MANADO-Presiden Prabowo Subianto dalam acara Ulang Tahun Golkar ke 60 di Sentul International Convention Center (SICC) sebagaimana disampaikan TEMPO telah mewacanakan Pilkada dilakukan oleh DPRD, lantaran Pilkada 2024 baru-baru ini dinilai boros dan rawan konflik sosial. Pilkada telah menguras puluhan triliun APBN. Presiden memberi contoh dari negara tetangga seperti Singapura dan India.
Wacana yang digelindingkan Ketua Umum Gerindra itu mendapat beragam reaksi dari berbagai kalangan. Mendagri Tito Karnavian mendukung dengan argumentasi yang dititikberatkan pada stabilitas sosial. Direktur LSI, Djayadi Hanan sebaliknya menilai usulan Prabowo bertentangan dengan Sistem Politik di Indonesia, yang bukan menggunakan sistem parlementer. Peneliti PERLUDEM (Perkumpulan Untuk Pemilu dan Demokrasi), Fadli Rahmadhanil menilai pemikiran itu cacat sistem.

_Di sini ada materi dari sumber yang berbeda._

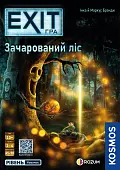 Миниатюра товара Настольная игра EXIT: Очарованный лес (The Enchanted Forest) - 1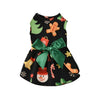 Charming Christmas Pet Dress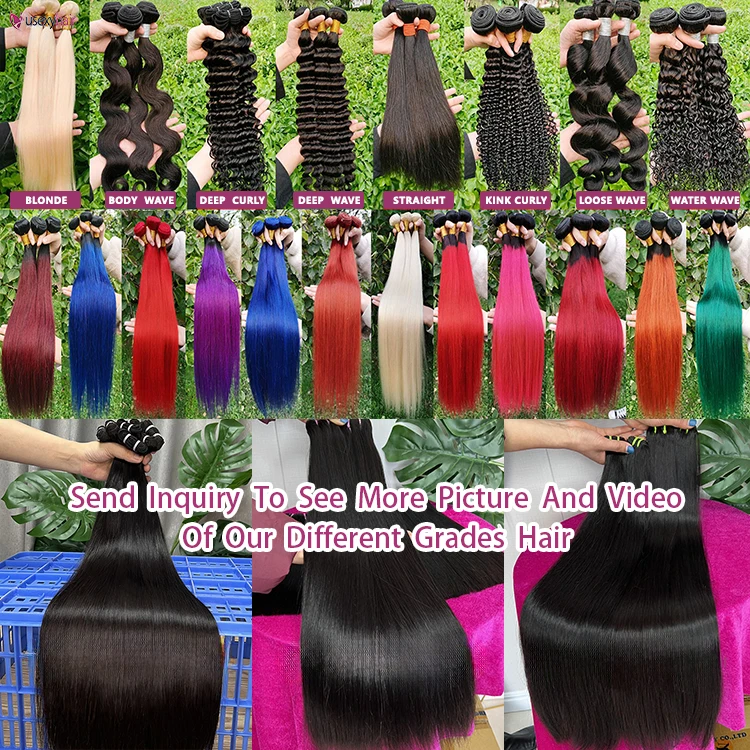 Indian Mink Deep Wave Hair Extensions S28518613663f4d839ca28edcc5552  main image 2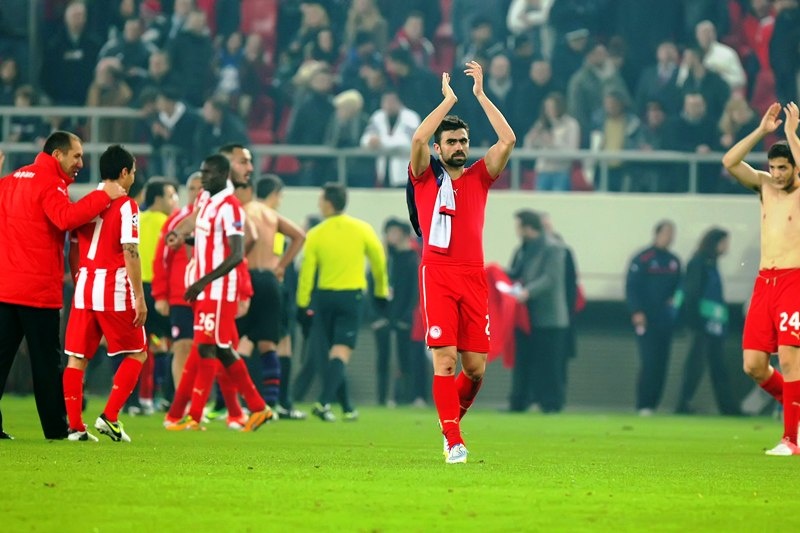 Ολυμπιακός - Άρσεναλ 2-1: «Ισχυρά» ελληνικά… κανόνια! (photos+videos)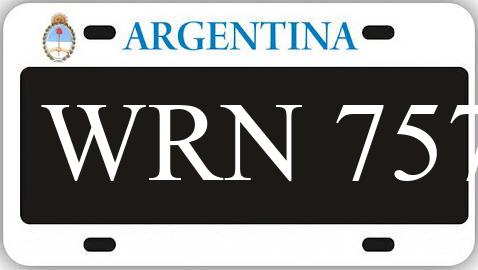 Patente WRN757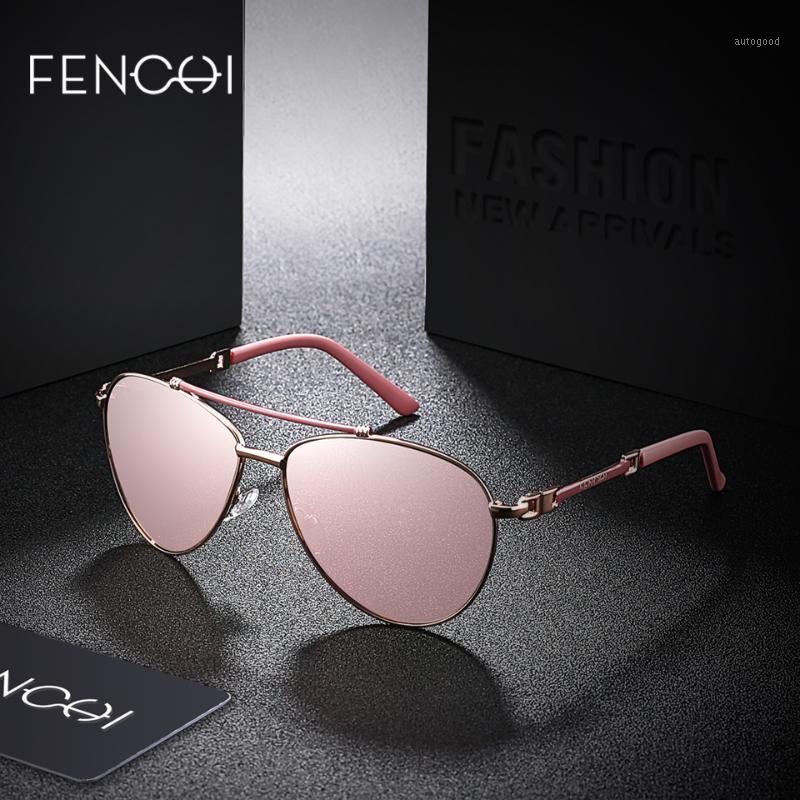 

2020 new fenchi PC frame sunglasses fashion trend sunglasses for women1, White;black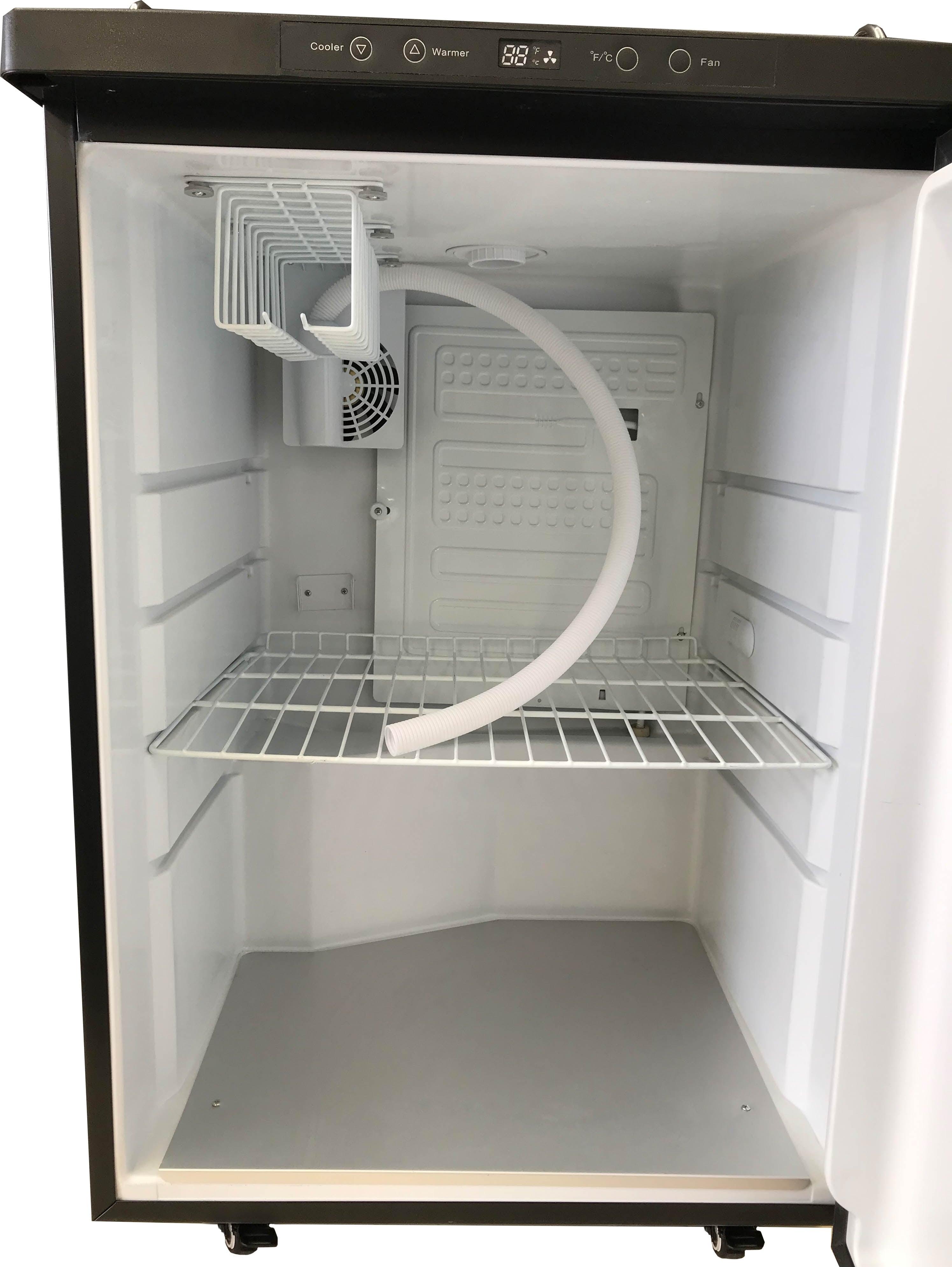 Kegerator - Series 4 -Fridge Only (guard rail, castors, shelf, drip tray) - KegLand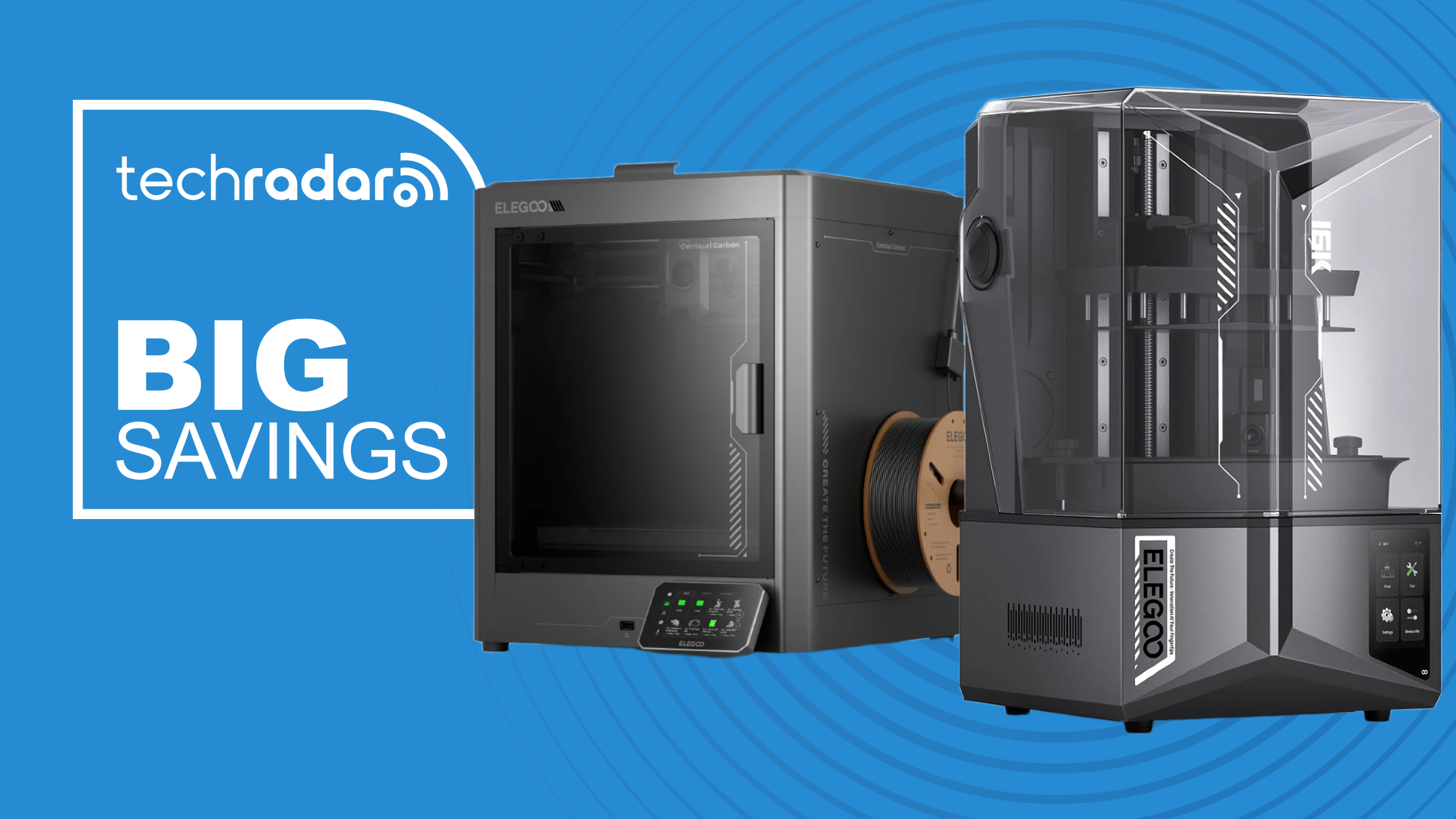 Christmas comes early as Elegoo cuts up to 53% off 3D printers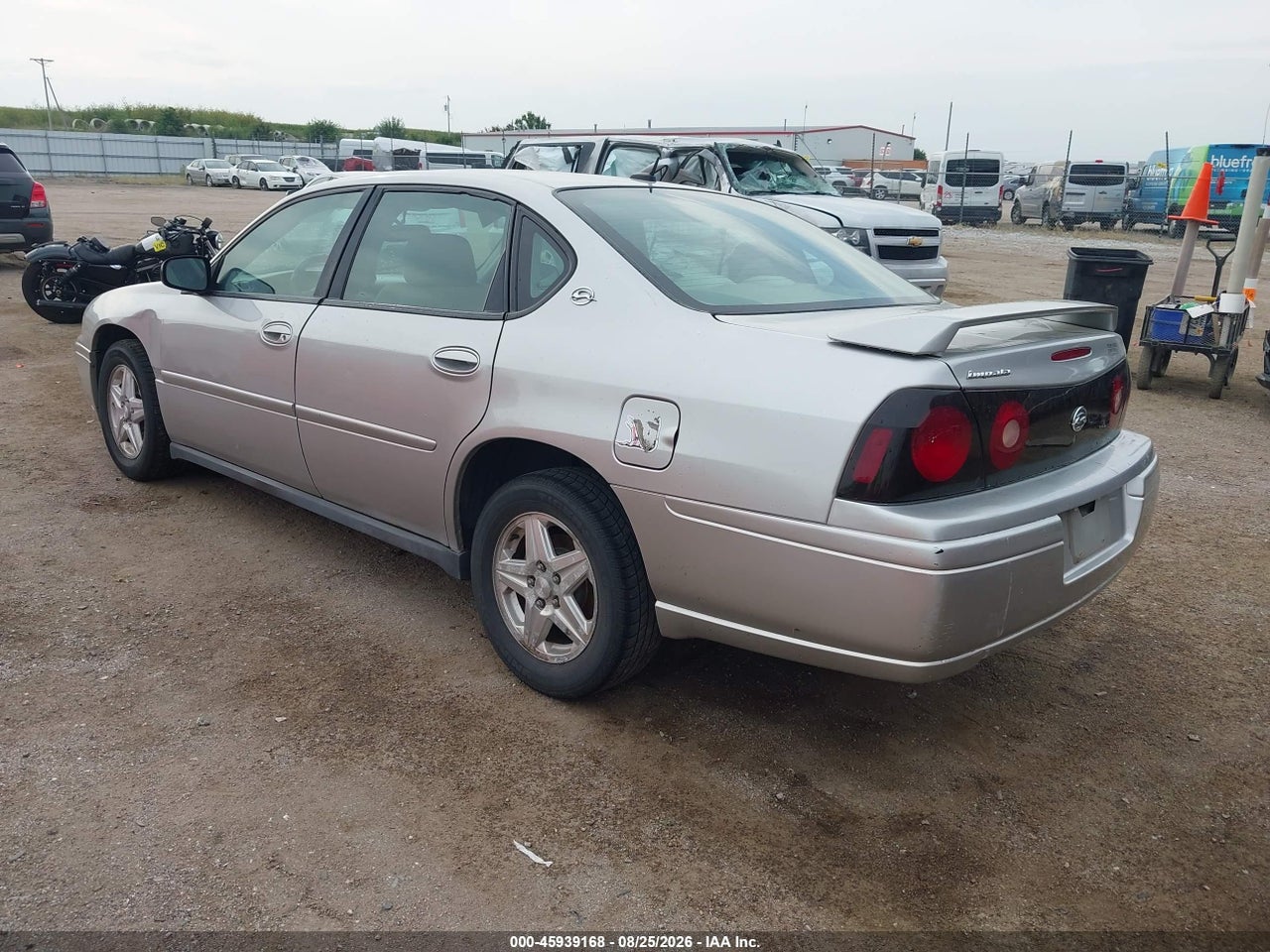 2005 CHEVROLET IMPALA · 3/11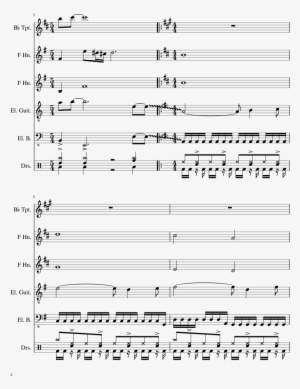 Capcom Sheet Music 2 Of 8 Pages - Marvel Vs. Capcom #3229908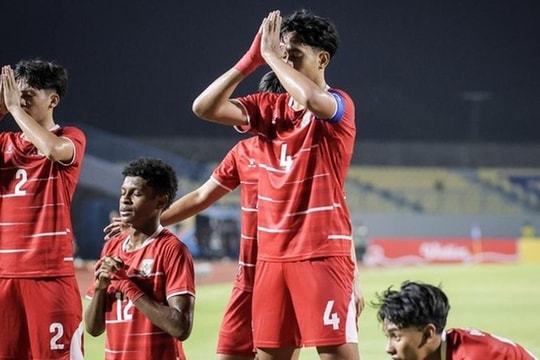 U17 Indonesia đối mặt kịch bản bị loại sớm trước trận đại chiến với Việt Nam
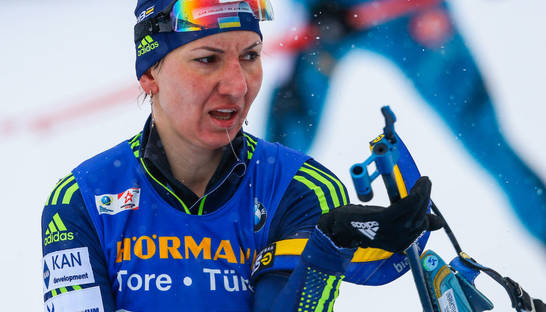 Украинские биатлонистки не сумели квалифицироваться в масс-старт впервые за 13 лет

Mencermati pelaksanaan Pemilu dan Pilkada Sitaro 2024 yang menelan anggaran 40 miliar rupiah, dinamika Pilkada berlangsung dalam situasi dan kondisi yang mencekam, karena adanya intervensi APH, keberpihakan ASN serta praktik politik uang dari masing-masing Paslon. Sebelumnya, Pemilu 2024 telah menghasilkan 10 kursi bagi PDI Perjuangan, 4 kursi bagi Golkar, 3 kursi bagi Perindo, 2 kursi bagi Nasdem dan 1 kursi bagi Gerindra. Komposisi Pilkada terjadi koalisi Golkar, Nasdem dan Gerindra (7 kursi) mengusung Paslon 1 Chintya Kalangit dan Heronimus Makainas berhadapan dengan koalisi PDI Perjuangan dan Perindo (13 kursi) yang mengusung Evangelian Sasingen dan Liem Hong Eng.
Bilamana Pilkada 2024 lalu menggunakan sistem sebagaimana usulan Prabowo, maka jelaslah hasilnya berbeda dengan Pilkada Langsung. Dampaknya pun tidak akan menimbulkan gesekan dalam birokrasi pemerintahan daerah. Dengan demikian jelaslah bahwa pemikiran Presiden Prabowo untuk melakukan evaluasi dan perubahan sistem Pilkada mendorong terjadinya hasil simultan dari Pemilu. (Dirno Kaghoo).